Obviously, unless they decide to seek office and win, the amount of fealty an officeholder has to someone’s set of principles will almost never be 100 percent. (Witness the results of the ongoing monoblogue Accountability Project, which will return next summer.) But in the political arena, where making law is akin to making sausage, compromising the broad set of principles most in the TEA Party stand for should be a last resort and not an opening parlay. That’s a gambit which will never pay off in dividends for freedom-loving Americans like those in the TEA Party and may lead to a damaging third-party effort come 2012.

Bachmann drops leadership bid

Her remark on Facebook was short, sweet, and to the point:

It is with confidence in Jeb Hensarling’s leadership that I bring my candidacy for Republican Conference Chair to a close and proudly support him.

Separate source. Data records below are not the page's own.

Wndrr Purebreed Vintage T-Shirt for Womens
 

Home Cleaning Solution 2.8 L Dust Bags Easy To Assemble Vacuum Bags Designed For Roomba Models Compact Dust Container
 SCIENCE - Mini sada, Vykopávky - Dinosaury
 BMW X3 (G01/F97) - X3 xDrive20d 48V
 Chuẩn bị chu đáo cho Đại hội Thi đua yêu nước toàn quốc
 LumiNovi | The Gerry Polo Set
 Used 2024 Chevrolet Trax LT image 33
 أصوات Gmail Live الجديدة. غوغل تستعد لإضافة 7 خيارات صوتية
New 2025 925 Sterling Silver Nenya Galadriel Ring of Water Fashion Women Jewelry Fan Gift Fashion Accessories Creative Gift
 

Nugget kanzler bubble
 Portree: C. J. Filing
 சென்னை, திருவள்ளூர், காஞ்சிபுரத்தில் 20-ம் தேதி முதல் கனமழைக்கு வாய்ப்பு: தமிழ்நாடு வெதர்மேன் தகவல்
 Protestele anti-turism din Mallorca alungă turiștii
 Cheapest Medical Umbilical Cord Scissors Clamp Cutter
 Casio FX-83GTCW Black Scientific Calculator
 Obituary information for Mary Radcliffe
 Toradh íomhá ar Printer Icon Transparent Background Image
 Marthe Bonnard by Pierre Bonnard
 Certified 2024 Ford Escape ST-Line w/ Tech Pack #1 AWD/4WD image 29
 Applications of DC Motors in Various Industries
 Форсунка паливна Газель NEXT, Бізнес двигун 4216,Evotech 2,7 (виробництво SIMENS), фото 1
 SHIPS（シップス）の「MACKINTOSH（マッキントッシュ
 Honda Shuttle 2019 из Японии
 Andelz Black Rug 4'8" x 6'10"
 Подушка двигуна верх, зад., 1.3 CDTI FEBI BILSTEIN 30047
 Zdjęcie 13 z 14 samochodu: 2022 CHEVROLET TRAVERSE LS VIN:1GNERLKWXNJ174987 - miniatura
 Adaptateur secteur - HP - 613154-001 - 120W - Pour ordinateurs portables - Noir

So Michele Bachmann won’t create the tempest in the teapot some feared in her bid for a leadership post, but those who followed her rise in prominence with the advent of the TEA Party may be disappointed. However, Jeb Hensarling of Texas (who will become Conference Chair) had a 100 ACU rating in 2009 and was formerly Chair of the Republican Study Committee, which is the primary outlet for conservative Republicans in Congress. So it’s not like the position is going to a squishy moderate.

[By the way, when I spoke to Andy Harris about the subject two years ago he indicated he would be part of the Republican Study Committee if elected so I presume he’ll become a member of that august body come January. Conversely, Wayne Gilchrest (and Bob Ehrlich when he was in office) were both members of the Republican Main Street Partnership – their membership roll reflects the moderate wing of the party.]

Most of the remaining drama for the House now shifts to the Energy and Commerce Committee, where Fred Upton of Michigan is in line to become Chairman. Unfortunately, this member of the RMSP draws a lot of concern about his record on energy-related issues (see pages 10-13 here, although the rest is troubling too) so his effort has drawn opposition. In this case Joe Barton of Texas, the ranking member, is term-limited (by agreement) but would be a better choice. He introduced legislation to kill the very regulations Upton championed.

Meanwhile, Bachmann still has a pretty good consolation prize: she still heads the 52-member strong House TEA Party Caucus. Its membership roster is sure to grow given the election results; hopefully Andy Harris will join that group too.